*The task:* In the material below, count the lines with the word "Bedroom" and state that number only.

*Records shown:*
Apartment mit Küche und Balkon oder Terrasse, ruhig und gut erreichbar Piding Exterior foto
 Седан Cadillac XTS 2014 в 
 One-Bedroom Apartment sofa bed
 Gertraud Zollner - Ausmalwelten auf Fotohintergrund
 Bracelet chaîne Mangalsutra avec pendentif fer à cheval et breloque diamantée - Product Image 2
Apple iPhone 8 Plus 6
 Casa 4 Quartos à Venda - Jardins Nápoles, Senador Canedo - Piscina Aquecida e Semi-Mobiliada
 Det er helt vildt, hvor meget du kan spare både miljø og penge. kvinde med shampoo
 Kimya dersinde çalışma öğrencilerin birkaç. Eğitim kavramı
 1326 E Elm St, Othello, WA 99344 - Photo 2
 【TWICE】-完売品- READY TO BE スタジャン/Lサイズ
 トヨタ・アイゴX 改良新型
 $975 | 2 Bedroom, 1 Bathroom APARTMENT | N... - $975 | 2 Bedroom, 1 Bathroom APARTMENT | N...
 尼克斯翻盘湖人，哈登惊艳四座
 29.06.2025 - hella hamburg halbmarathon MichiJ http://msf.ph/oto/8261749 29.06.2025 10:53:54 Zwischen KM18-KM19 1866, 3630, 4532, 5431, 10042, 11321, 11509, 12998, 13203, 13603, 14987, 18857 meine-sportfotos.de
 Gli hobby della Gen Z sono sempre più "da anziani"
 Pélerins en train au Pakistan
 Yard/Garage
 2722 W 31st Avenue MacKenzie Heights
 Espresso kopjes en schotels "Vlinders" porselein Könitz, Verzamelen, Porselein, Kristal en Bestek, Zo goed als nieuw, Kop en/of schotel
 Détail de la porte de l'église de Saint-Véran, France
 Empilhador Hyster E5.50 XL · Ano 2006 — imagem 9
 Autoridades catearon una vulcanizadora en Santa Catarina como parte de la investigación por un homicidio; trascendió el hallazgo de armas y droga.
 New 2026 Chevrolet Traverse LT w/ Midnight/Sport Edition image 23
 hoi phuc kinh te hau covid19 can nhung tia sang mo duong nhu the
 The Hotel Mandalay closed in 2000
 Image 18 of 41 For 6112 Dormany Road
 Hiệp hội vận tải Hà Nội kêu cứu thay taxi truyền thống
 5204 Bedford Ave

*Result of the task:* 2